D. A Low & Sapru's stupidity

 Tej Bahadur Sapru was a clever lawyer who played a big role in various constitutional reforms in the inter-war years.  However, his own political influence and that of the Liberals tended to diminish in direct proportion to his activity. His contemporaries viewed him as a useful fellow- he might get you off a murder charge if your beat your maid servant to death by finding obscure Irish legal precedents regarding corpus delecti- and an honest enough intermediary- but one attached to a Victorian social order which was as dead as the dodo. 

D.A Low, some 55 years ago, argued that Sapru had been overlooked. He suggested that 

1) it was Sapru more than anyone else who helped Reading annihilate the Non Cooperation Movement. But this would only hold true if Sapru was very cunningly giving Gandhi enough rope to hang himself. In other words, Sapru only mattered if he was a rogue. But he wasn't a rogue. He genuinely wanted a Round Table Conference. It was Gandhi who overplayed his hand. Low does offer an alternative argument- viz Gandhi surrendered due to pressure from moderates like Sapru. In other words Sapru is a genius who gets Reading to adopt the moderate position and then is so powerful that Gandhi surrenders to him. But Sapru wasn't powerful at all. Reading was vindicated. He didn't need Sapru any longer because the Khilafatis had come to know that he had done more for them than the maha-crackpot. So Sapru ceases to be Law Member. Reading returns home as an influential voice against Dominion Status or even (what Low says Sapru thought was equivalent) a 'responsible' Federal Executive (i.e. one responsible to an elected Legislature). The problem here is that that Legislatures can be 'elected' in many very different ways. Dow suggests that Sapru thought it would only be elected in one way or, more bizarrely, that there is only way any Legislative body can be elected. But that's obviously not true. In particular, the Princes and the 'minorities' could have been given a permanent majority at the Center. 

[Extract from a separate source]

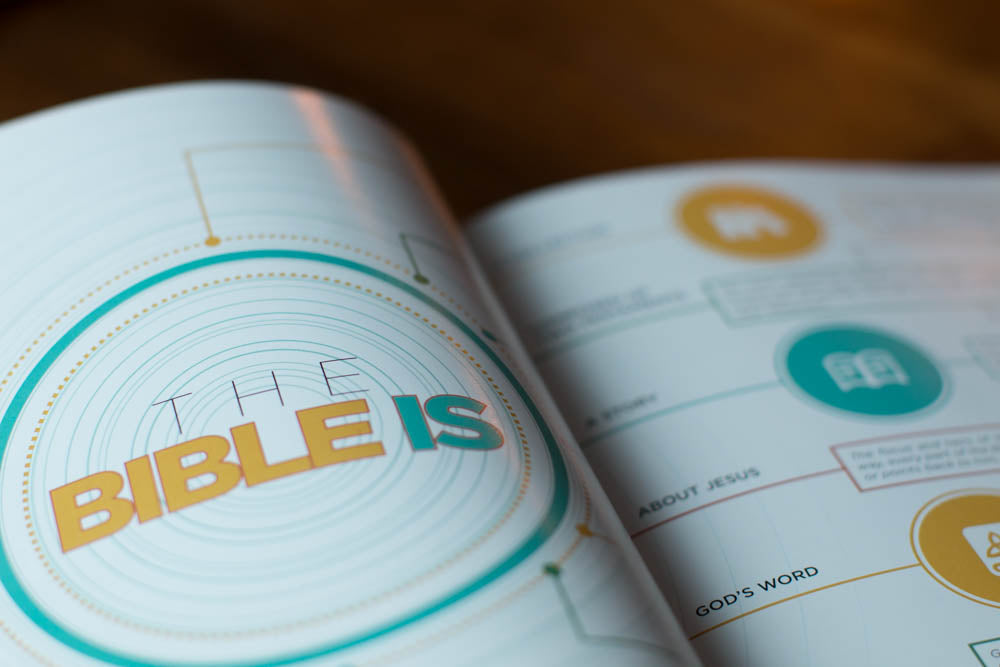 Visual Theology: Seeing and Understanding the Truth about God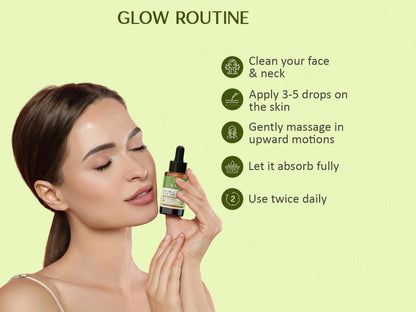 Suun Ayurveda 10 Percent Vitamin-C Face Serum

2) Sapru set the stage for the First Round Table Conference by persuading the Tories and the Princes to buy into a 'Federal' scheme and this would be equivalent to the Dominion Status of the White dominated Colonies. Low suggests that it was factionalism and stupidity among the Princes which frustrated this. Still, Sapru indirectly becomes the author of the 1935 Act. 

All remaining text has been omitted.